[GRASS-dev] how to determine best k in a set of unsupervised classifications?

Hi devs,

I’m writing to ask how do one determine the best number of classes/clusters in a set of unsupervised classifications with different k in GRASS? I use i.cluster with different number of classes and then i.maxlik that uses a modified version of k-means according to the manual page. Now, I would like to know which unsup classif is the best within the set. I check the i.cluster reports (looking for separability) and then explored the rejection maps. But none of those seems to work as a crisp and clear indicator. BTW, does anyone know which separability index does i.cluster use?

In any case, I have seen some indices elsewhere (mainly R and Python) that are used to choose the best clustering results (coming from the same or different clustering methods). Examples of those indices are Silhouette, Dunn, etc. Some are called internal as they do not require test data and just characterize the compactness of clusters. On the other hand, the ones requiring test data are called external. I have seen them in dtwclust R package [0] (the package is oriented to time series clustering but validation indices are more general) and in scikit-learn in Python [1]. Does any of you have something already implemented in this direction? or how do you assess your unsup classification (clustering) results?

Any ideas or suggestions within GRASS?

Thanks much in advance!
Vero

[0] https://rdrr.io/cran/dtwclust/man/cvi.html

[1] http://scikit-learn.org/stable/modules/clustering.html#clustering-performance-evaluation

* Veronica Andreo <veroandreo@gmail.com> [2018-10-31 00:23:57 +0100]:

Hi devs,

Hi Vero,

(not a real dev, but I'll share what I think)

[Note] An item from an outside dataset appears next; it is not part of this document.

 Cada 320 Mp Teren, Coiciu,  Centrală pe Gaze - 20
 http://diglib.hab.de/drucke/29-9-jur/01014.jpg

I'm writing to ask how do one determine the best number of classes/clusters
in a set of unsupervised classifications with different k in GRASS?

You already know better than me I guess, but I'd like to refresh my mind
on all this a bit.

I guess the only way to tell if the number of classes is "best", is to
judge yourself by inspecting the "quality" of the clusters returned.

One way to tell would be to compute the "error of clusters" which would
be the overall distance between the points that are assigned to a
cluster and its center. I guess comparing the overall errors between
different clustering settings (or even algorithms?), would give an idea
about how close points are around the centers of clusters.
Maybe we could implement something like this.

(All this I practiced during an generic Algorithmic Thinking course. I
guess it's applicable in our "domain" too.)

I use i.cluster with different number of classes and then i.maxlik that uses a
modified version of k-means according to the manual page. Now, I would like
to know which unsup classif is the best within the set.

Sorry, I guess I have to read up: what is "unsup classif"?

I check the i.cluster reports (looking for separability) and then explored the
rejection maps. But none of those seems to work as a crisp and clear
indicator. BTW, does anyone know which separability index does i.cluster
use?

I am interested to learn about the distance measure too. I am looking
at the source code of `i.cluster`. And then, searching around, I think
it's this file:

grasstrunk/lib/cluster/c_sep.c

and I/we just need to identify which distance it measures.

Nikos

In any case, I have seen some indices elsewhere (mainly R and Python) that
are used to choose the best clustering results (coming from the same or
different clustering methods). Examples of those indices are Silhouette,
Dunn, etc. Some are called internal as they do not require test data and
just characterize the compactness of clusters. On the other hand, the ones
requiring test data are called external. I have seen them in dtwclust R
package [0] (the package is oriented to time series clustering but
validation indices are more general) and in scikit-learn in Python [1].
Does any of you have something already implemented in this direction? or
how do you assess your unsup classification (clustering) results?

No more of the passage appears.